Quando uscii dalla chiesa, quel giorno triste, mi trovai di fianco una troupe che filmava. La giornalista parlava di te in un modo che mi parve strano. Per me in fin dei conti eri il nonno, che ne sapevo io che avevi riempito pagine di Ciclismo fino ad entrare nel mito. Sapevo che eri una buona forchetta, che ti piacevano tanto le bici, che pregavi molto e avevi fatto qualcosa di importante nella tua vita. A volte mi rivolgevi qualche frase che restava sospesa a metà, su quel ciclista, su quella corsa.. Immagino che per te fosse stato complicato spiegare ad una bambina, e poi avevi troppi impegni. Ho appreso delle tue imprese sportive e umanitarie molto dopo il 5 maggio 2000.
Ti ricordo ogni giorno, perché mi dai tanta forza per affrontare le difficoltà.

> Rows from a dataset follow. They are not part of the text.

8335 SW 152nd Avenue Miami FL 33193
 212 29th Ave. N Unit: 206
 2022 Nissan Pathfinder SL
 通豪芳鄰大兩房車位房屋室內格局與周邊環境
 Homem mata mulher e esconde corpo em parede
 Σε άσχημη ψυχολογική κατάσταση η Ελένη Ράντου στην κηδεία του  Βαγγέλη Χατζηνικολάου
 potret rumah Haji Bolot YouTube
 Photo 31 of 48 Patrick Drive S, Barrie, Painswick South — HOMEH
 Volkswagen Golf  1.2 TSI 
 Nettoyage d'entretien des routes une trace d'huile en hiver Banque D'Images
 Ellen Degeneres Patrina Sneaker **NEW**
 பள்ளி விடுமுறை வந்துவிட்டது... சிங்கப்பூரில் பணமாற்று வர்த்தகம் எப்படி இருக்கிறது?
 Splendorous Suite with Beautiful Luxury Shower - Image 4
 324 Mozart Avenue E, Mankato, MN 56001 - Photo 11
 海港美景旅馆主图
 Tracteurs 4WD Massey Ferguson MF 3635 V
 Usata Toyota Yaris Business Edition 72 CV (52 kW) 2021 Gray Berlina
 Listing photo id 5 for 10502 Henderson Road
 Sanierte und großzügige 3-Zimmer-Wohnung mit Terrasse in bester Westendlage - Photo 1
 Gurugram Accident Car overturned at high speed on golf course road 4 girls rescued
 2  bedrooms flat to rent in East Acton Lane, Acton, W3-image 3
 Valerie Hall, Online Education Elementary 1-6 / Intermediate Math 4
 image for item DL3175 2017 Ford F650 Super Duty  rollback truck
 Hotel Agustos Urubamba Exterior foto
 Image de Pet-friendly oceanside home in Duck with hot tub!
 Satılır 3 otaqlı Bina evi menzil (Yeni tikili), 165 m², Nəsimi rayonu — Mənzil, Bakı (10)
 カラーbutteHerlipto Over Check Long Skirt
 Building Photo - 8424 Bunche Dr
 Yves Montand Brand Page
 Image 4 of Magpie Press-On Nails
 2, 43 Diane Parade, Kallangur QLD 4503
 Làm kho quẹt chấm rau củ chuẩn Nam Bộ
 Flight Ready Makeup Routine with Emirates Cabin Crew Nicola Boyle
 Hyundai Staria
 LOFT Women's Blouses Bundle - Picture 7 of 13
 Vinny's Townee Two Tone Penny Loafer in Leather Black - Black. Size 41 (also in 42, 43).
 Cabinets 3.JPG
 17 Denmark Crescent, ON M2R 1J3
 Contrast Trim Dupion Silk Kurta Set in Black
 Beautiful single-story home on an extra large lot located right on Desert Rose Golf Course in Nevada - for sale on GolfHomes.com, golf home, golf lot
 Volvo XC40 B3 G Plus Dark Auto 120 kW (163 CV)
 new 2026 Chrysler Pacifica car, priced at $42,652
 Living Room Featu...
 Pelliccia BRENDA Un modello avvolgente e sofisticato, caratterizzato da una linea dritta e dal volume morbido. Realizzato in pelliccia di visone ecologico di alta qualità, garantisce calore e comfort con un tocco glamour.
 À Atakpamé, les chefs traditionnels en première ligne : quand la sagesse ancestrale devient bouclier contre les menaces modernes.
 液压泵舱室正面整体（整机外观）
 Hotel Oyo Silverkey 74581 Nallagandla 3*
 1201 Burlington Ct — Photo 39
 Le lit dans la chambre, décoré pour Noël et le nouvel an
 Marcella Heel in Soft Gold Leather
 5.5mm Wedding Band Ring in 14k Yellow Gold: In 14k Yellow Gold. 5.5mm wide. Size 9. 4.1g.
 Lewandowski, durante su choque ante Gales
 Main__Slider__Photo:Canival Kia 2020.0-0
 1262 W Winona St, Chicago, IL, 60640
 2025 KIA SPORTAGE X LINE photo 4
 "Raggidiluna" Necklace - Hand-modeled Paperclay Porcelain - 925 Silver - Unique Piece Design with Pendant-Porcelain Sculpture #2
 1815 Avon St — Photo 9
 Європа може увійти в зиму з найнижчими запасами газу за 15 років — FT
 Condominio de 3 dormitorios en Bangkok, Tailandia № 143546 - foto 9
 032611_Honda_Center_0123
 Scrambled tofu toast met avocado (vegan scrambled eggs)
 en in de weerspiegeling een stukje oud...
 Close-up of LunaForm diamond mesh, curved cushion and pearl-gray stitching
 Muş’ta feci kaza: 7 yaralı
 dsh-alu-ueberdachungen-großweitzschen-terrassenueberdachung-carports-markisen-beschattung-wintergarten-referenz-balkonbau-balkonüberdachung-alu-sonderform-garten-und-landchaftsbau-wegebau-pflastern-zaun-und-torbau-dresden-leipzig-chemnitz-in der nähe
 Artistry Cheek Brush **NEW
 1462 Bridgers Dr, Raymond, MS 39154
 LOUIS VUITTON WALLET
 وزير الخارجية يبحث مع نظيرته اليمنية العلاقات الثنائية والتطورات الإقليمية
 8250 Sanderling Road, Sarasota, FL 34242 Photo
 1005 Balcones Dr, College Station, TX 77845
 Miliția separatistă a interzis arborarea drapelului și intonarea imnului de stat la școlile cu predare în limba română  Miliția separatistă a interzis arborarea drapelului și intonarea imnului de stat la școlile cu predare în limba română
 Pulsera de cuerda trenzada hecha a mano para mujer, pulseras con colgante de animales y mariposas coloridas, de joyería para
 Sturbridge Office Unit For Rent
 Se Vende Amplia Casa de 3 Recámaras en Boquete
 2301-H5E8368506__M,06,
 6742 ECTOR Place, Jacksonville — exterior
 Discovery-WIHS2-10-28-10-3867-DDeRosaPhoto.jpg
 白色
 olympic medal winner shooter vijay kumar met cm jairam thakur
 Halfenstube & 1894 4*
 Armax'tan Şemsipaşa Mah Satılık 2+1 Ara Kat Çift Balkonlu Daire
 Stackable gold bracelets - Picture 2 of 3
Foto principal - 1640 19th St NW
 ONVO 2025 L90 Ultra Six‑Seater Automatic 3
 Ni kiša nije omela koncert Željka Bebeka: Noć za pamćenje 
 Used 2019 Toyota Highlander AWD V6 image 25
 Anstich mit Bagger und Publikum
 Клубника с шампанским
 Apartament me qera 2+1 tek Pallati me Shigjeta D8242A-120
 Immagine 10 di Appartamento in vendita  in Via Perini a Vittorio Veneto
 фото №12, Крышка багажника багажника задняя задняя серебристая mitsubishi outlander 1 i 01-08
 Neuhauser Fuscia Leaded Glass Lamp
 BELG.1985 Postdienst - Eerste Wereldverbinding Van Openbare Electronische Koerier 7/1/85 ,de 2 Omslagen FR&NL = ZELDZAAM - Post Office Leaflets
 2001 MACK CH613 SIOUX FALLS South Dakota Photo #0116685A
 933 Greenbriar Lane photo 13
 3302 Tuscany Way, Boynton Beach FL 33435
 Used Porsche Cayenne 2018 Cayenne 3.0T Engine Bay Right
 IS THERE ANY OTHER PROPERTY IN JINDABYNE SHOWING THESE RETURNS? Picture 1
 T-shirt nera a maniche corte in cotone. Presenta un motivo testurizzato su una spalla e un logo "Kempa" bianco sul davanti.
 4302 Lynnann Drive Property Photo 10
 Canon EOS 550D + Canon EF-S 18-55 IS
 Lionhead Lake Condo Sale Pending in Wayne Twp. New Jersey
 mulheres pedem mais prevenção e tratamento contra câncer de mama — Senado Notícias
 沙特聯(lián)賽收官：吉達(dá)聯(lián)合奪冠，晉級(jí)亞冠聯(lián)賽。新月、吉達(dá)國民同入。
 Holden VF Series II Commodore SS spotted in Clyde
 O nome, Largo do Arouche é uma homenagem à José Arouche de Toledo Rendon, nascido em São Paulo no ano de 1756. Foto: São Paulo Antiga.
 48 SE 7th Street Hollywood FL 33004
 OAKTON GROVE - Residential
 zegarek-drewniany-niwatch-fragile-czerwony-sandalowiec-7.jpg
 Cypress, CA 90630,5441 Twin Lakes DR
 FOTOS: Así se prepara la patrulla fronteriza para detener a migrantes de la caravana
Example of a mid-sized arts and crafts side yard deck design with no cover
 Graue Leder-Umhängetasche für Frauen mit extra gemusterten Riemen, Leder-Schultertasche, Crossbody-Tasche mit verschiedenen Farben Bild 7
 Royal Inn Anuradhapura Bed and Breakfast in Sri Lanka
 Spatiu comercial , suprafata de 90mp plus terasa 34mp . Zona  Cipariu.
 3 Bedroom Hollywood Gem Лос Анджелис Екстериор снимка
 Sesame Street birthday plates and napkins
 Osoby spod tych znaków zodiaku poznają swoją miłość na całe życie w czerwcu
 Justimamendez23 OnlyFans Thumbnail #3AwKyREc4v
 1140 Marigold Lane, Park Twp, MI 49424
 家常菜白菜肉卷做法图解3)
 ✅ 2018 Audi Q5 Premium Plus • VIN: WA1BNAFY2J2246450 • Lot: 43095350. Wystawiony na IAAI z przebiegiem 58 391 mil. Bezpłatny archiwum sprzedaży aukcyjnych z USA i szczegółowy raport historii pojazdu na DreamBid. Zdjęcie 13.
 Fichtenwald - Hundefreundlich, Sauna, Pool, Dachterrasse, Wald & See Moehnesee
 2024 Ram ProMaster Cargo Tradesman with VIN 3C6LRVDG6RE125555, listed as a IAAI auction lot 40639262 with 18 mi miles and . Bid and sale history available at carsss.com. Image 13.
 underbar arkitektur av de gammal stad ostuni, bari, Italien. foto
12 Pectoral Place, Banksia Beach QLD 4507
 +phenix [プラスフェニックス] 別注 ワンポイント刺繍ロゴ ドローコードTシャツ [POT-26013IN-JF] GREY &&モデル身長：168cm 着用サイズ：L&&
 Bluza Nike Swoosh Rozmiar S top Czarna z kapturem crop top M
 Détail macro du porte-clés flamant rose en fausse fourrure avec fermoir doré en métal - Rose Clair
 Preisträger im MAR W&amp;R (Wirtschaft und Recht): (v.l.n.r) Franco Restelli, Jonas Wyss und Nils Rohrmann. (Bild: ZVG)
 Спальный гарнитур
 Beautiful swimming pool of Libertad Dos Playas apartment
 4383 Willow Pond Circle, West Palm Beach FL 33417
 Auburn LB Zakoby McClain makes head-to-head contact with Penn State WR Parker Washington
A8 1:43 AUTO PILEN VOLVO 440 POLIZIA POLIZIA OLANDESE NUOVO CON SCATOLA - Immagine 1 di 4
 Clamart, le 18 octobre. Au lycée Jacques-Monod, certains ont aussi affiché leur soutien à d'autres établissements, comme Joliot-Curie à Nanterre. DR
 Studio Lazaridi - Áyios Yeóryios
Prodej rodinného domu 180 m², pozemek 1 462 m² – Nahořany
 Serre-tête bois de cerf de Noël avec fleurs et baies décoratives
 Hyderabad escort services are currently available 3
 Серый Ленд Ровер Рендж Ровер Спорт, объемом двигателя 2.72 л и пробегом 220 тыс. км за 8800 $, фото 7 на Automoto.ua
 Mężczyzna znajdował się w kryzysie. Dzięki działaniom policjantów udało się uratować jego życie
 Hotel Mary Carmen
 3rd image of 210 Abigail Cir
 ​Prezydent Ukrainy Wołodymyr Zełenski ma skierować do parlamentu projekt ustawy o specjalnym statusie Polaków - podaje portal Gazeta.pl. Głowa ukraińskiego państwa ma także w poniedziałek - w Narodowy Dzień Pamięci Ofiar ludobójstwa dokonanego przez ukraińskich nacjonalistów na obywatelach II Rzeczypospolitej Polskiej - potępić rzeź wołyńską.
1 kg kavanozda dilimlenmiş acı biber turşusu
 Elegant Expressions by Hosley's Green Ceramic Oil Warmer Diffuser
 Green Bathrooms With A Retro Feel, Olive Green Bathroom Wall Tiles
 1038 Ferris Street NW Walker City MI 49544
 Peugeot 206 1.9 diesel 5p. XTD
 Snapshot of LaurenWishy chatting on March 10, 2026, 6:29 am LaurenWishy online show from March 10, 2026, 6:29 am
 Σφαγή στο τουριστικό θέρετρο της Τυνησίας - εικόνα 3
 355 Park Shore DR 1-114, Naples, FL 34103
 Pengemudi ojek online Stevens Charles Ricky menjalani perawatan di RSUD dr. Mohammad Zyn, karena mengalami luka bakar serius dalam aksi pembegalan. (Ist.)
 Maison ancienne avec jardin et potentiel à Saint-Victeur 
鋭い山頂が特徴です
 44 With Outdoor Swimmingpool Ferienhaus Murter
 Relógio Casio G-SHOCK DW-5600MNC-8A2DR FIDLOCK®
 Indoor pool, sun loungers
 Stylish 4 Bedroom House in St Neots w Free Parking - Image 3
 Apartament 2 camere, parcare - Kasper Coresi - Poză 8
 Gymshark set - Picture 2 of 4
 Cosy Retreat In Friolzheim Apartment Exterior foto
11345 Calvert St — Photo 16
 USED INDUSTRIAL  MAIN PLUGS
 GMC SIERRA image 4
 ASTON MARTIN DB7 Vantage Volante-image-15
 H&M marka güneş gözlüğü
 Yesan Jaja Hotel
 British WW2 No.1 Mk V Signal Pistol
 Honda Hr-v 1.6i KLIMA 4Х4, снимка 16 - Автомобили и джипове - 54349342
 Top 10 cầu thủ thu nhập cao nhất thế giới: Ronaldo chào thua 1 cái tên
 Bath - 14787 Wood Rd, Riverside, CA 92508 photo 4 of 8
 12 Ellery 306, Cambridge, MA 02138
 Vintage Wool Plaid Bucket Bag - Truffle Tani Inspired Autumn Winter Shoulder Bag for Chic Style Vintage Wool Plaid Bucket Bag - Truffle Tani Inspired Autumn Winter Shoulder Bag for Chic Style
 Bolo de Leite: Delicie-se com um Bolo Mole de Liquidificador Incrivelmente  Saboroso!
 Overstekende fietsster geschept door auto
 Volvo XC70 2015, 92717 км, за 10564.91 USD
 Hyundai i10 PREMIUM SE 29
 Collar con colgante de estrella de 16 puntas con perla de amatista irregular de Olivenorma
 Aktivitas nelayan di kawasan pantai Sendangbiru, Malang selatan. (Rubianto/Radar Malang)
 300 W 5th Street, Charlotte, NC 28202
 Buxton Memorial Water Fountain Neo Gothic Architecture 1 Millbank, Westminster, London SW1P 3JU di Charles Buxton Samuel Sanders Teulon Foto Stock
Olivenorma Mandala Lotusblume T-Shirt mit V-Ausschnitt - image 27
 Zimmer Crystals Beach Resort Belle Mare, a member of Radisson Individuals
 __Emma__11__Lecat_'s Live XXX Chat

Sai nonno, tanti oggi ancora ti amano per l’atleta immenso che sei stato, ma anche per il tuo valore come uomo. Sarai felice di sapere che gli adolescenti sui banchi di scuola studiano la tua vita, e i bambini sono tutti dalla tua parte perché “Gino è il più forte e vinceva tutto!”– mi hanno detto. La verità è che di campioni come te, oggi non ce ne sono! Si scrivono tanti libri sul tuo conto, alcuni validi, altri così così. Si intitolano in tuo nome tante strade, piazze, piste ciclabili, istituti scolastici, alberi e giardini. A Roma ti hanno anche dedicato un oratorio, sei un esempio di fede e rettitudine per quei ragazzi.
Il mio ricordo più bello sono i tuoi occhi color cielo, sorridente specchio della tua nobile anima. Il babbo sta bene e si commuove sempre quando parlano di te. Grazie per essere stato un grande nonno, grazie anche per quella cosa che tu sai. In questi 20 anni sono diventata grande, e come vedi cerco di fare il massimo, proprio come mi hai insegnato. A volte il mio impegno viene ricompensato, a volte no. A volte c’è qualcuno o qualcosa che prova a fermarmi, ma io non mi fermo. E se mi fermo perché vedo che “l’è tutto sbagliato, l’è tutto da rifare”, pazienza. Si rifarà. Mi dispiace per quel museo a Ponte a Ema, ci ho messo tanto cuore. Non mi dilungo, tanto te sai tutto meglio di chiunque altro. Piuttosto.. Lassù in paradiso ti danno molti compiti? Secondo me sì.. Salutami Fausto!